_AIM OF THE TASK_: What you give back should be exactly the lines from the one with "Woman Drinking Water" through the end of the data, without the pictures.

_INFORMATION SUPPLIED_:
──────

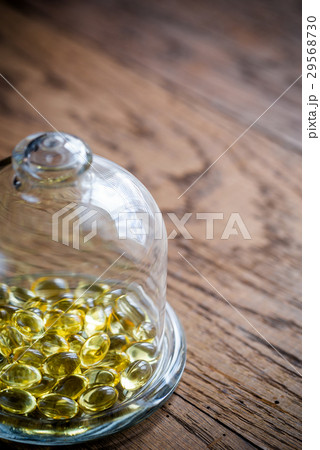 Omega-3 capsules under the glass dome 29568730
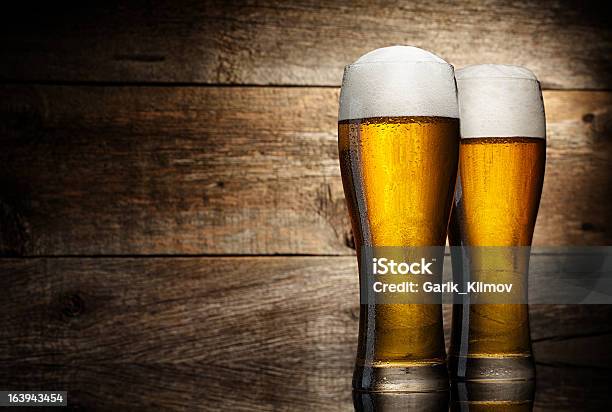 Due Bicchiere Di Birra Su Un Tavolo In Legno Di Sfondo - Fotografie stock e altre immagini di Alchol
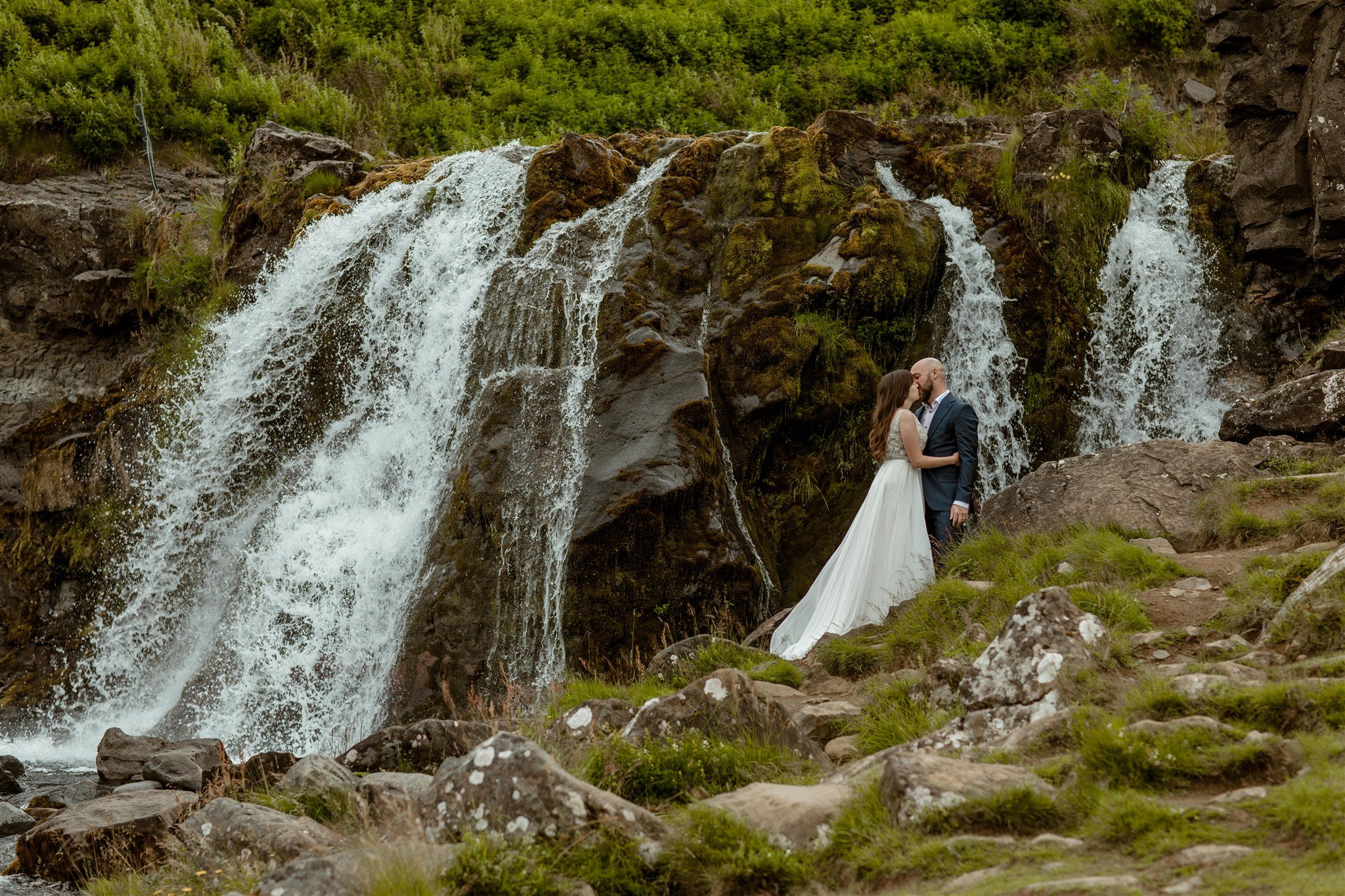  A Private Lake Iceland Elopement Starting in Reykjavík with Guests by Iceland elopement photographer &amp; planner Steph Zakas — couple on an adventure for elopement photos at a private waterfall 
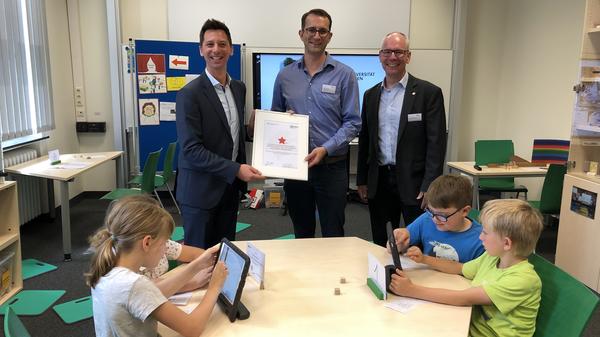 BildGrafik - �bergabe REGIONALE-Stern f�r DigiMath4Edu - 10.06.2019 - Manges, Torsten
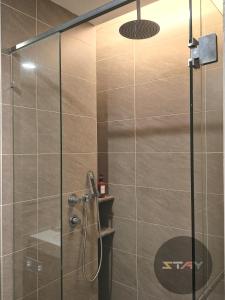 une douche avec une porte vitrée dans une salle de bain dans l'établissement Grand Medini Couple Stylish Netflix 100mbps BySTAY, à Nusajaya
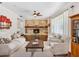 Cozy living room featuring a stone fireplace, hardwood floors, light furniture, and a ceiling fan at 6308 Caracara St, Sarasota, FL 34241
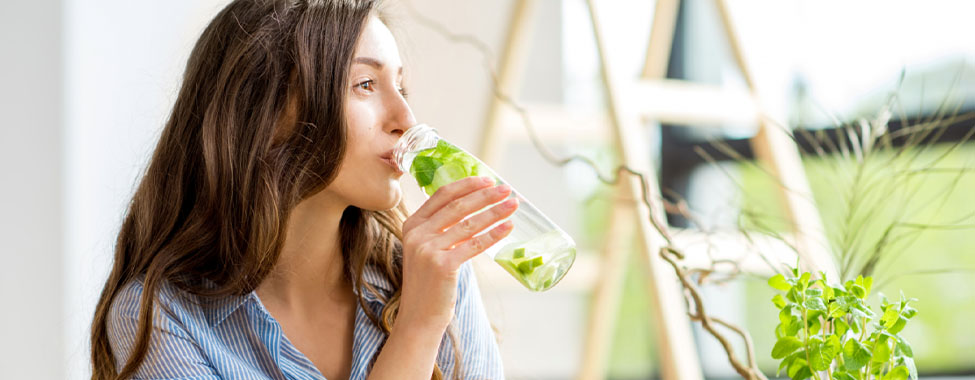 Woman Drinking Water the Hydrate in Hot Weather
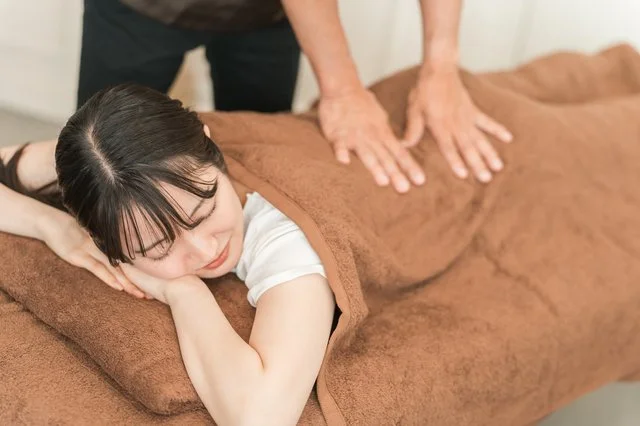 うつ伏せの方の背中から腰へ手のひらで圧をかけていくもみほぐしの施術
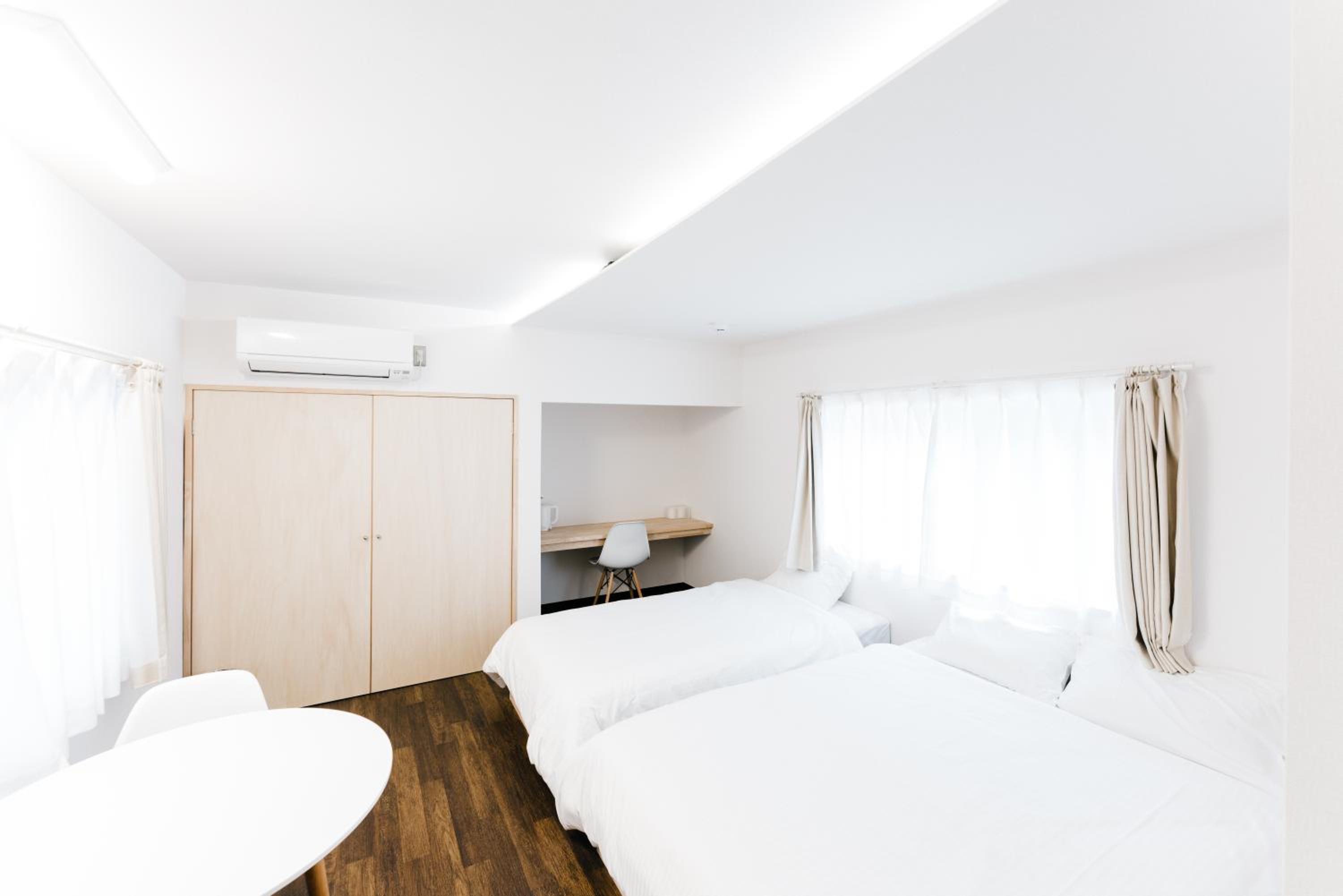 Deluxe Triple Room - Photo 8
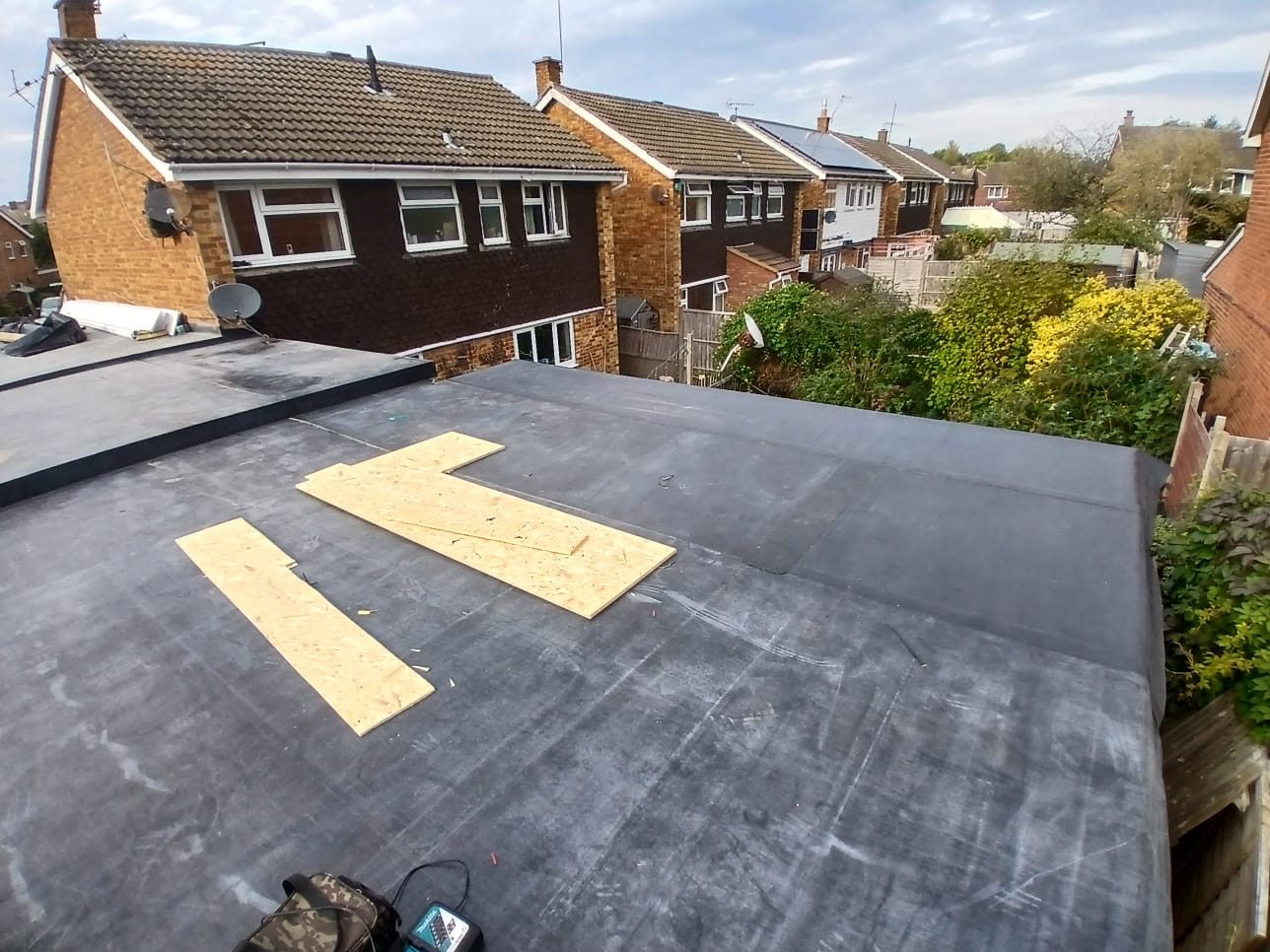 Wide view of a flat roof during installation, with timber boards positioned on the roof surface and neighbouring residential properties visible beyond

──────

_SOLUTION TO THIS PROBLEM_:
 Woman Drinking Water the Hydrate in Hot Weather
 うつ伏せの方の背中から腰へ手のひらで圧をかけていくもみほぐしの施術
 Deluxe Triple Room - Photo 8
 Wide view of a flat roof during installation, with timber boards positioned on the roof surface and neighbouring residential properties visible beyond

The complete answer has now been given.